– Позвольте спросить, что за оболтус писал это? Во-первых, фальшь, – ни в какой степной хате я не родился…, во-вторых, сравнивать полати с какой-то резной мебелью верх глупости… И разве я этого не знал? Прекрасно знал, но не говорить этого вздору не мог, потому что был неразвит, некультурен… (6; 139–140)
Цитируя свои юношеские стихи, купец вышучивает поэтический дебют Арсеньева, но если вспомнить, что роман Бунина начинается с простого и строгого – «Я родился полвека тому назад, в средней России, в деревне, в отцовской усадьбе…» (6; 7), то у бесхитростных виршей, исключительно из-за одной далекой переклички с начальной фразой, точной в каждом слове, появляется серьезный смысл. Одна и та же тема «родился я в глуши степной» может звучать совершенно по-разному: высоко, отточенно, стилистически безупречно и «стыдно», «некультурно», однако, как бы она ни была выражена, главное, – она повторена в разных вариантах, то есть может возрождаться на путях от одного героя к другому: таким образом «я» Арсеньева умножается, ловит на себе рефлексы других персонажей и само распространяет свои рефлексы на всю персонажную структуру. А в «Визитных карточках» теме славы, теме чисто писательской, именно героиней (а не героем-писателем, что примечательно) задается лиричность, и одновременно тема эта слегка пародируется, будучи очередным нелепо-детским, «стыдным» жестом героини.
Вероятно, в «Визитных карточках» писатель узнает в бедной мечте попутчицы слабое отражение своих (уже вполне сбывшихся) мечтаний, что заставляет его чувствовать свою силу рядом с ее бедностью, отчаяньем, увяданием. Важно и то, что в рассказе остается не названным не только его – всем известное – имя, но и ее, и это подчеркнуто своего рода минус-приемом: «– Можно узнать, как зовут? – Она быстро сказала свое имя-отчество» (7; 75). Названное скороговоркой имя, вероятно, навсегда оставшееся в памяти героя, так и не напечатано на визитных карточках. «Точечное» титульное умолчание стóит пустого места героя в «Неизвестном друге». В заглавие рассказа выносится несуществующее, неосуществленное, и это придает иллюзорность сюжету.

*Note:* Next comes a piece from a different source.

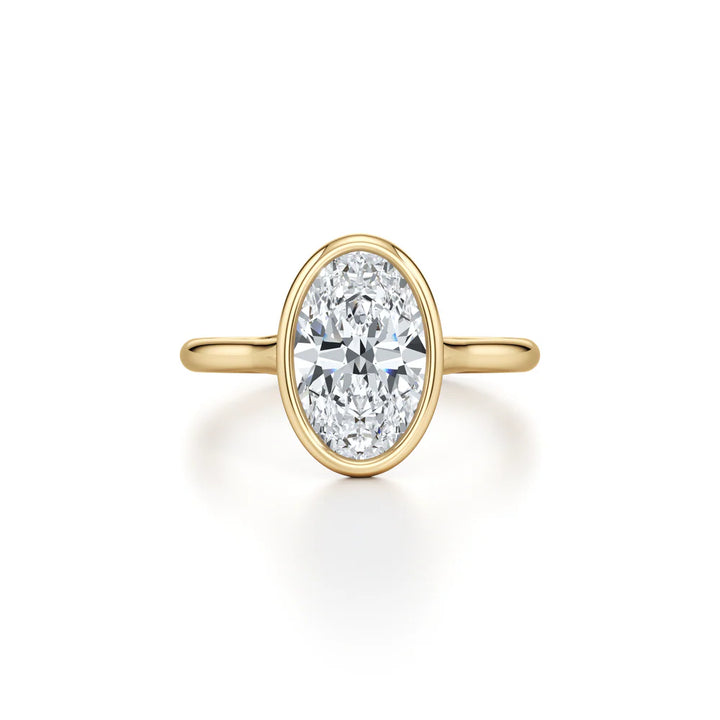 Eclipse Solitaire Engagement Ring – Oval Cut – Bezel-Set High-Polish Band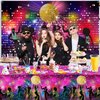 95 Pcs 70s Party Decorations Disco Party Balloons Decoration 70's Party Bundle Includes Inflatable Radio Boombox and Mobile Phone, Disco Plastic Party Backdrop, Tablecloth, Balloons for Hip Hop Party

Постепенное выдвижение героини вперед слегка спародировано тем, что она все время старается опередить героя. Впервые мы видим ее поднимающейся с нижней палубы по лестнице наверх, и в продолжении повествования она будет все возрастать, проявляться, узнаваться, герои едва ли не поменяются местами, подобно тому, как меняются местами «вчера» и «сегодня». Меняются местами и местоимения: «вы» уступает место «ты» («Пойдем ко мне…» – 7; 76), а к переходу на «ты» героя подталкивает гиперкомпенсаторная смелость героини. Эта смелость – следствие самых общих представлений читательниц о писателях, в коих природа их профессии предполагает «эпистемическую вседозволенность»[48]. Возможно, на образе писателя лежит след бунинской иронии: если уж реальный писатель должен уметь внутренне проживать любые сюжеты, то отчего не разрешить вымышленному писателю еще больше? Так или иначе, и герой, и героиня провокативны, хотя и совершенно по-разному: «Все снять? – шепотом спросила она, совсем, как девочка» (7; 76).
Именно «детскость» героини дает выход «другой», докультурной, «первобытной», стихийной стороне естества, которая связывает писателя с общим, природным и народным миром, откуда «он вышел» и куда уже никогда не вернется, оставаясь, однако, как всякий настоящий писатель, неразрывно связанным с ним. Вместе с одеждой незнакомки снимаются все культурные покровы и прикрытия, и, с одной стороны, сцена в каюте отвечает тем инстинктивным страстным желаниям, которыми были одержимы герои (особенно писатель) с самого начала, но с, другой стороны, эта сцена в определенной мере неожиданна.